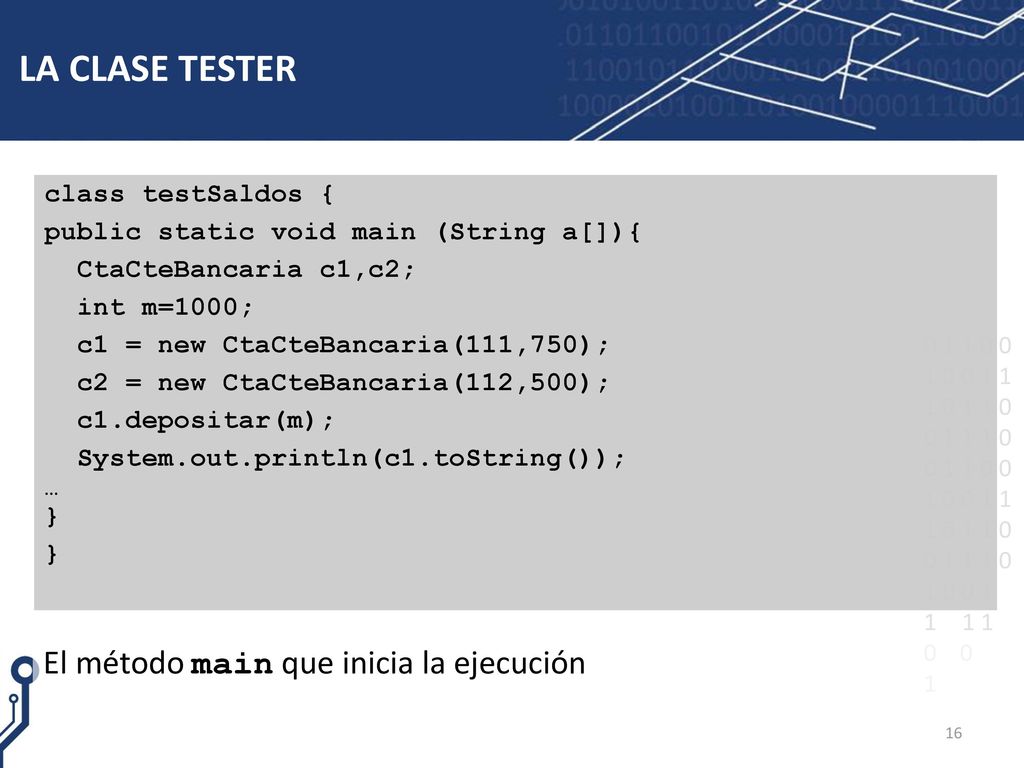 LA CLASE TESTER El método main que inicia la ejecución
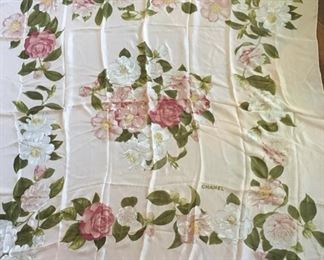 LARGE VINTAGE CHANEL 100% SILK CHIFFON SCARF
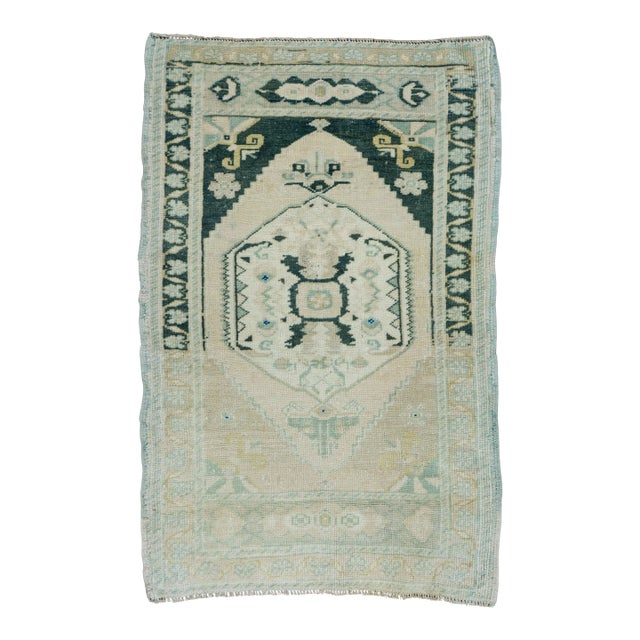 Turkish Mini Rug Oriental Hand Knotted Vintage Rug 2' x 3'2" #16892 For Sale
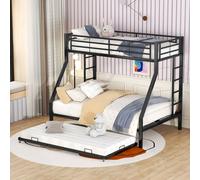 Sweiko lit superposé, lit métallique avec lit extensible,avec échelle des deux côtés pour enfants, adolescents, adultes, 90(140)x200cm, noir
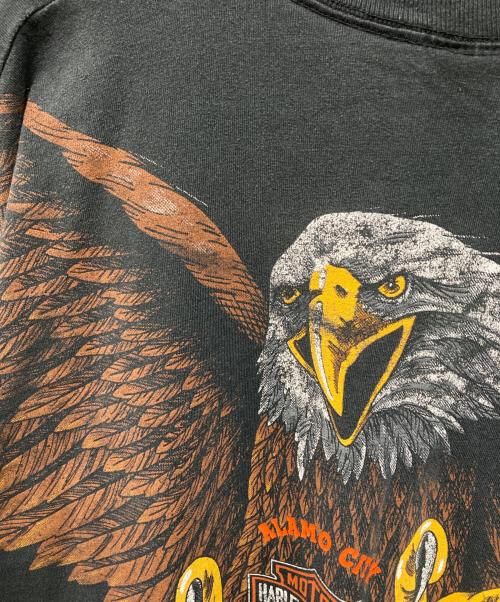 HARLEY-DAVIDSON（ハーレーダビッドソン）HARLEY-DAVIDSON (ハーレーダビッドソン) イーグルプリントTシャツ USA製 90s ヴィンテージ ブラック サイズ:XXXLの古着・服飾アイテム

————————

Print once more, exactly, the lines from the one with "Sweiko lit superposé, lit" through the last line of the data, both ends included, without any pictures.

EXERCISE OUTPUT -
 Sweiko lit superposé, lit métallique avec lit extensible,avec échelle des deux côtés pour enfants, adolescents, adultes, 90(140)x200cm, noir
 HARLEY-DAVIDSON（ハーレーダビッドソン）HARLEY-DAVIDSON (ハーレーダビッドソン) イーグルプリントTシャツ USA製 90s ヴィンテージ ブラック サイズ:XXXLの古着・服飾アイテム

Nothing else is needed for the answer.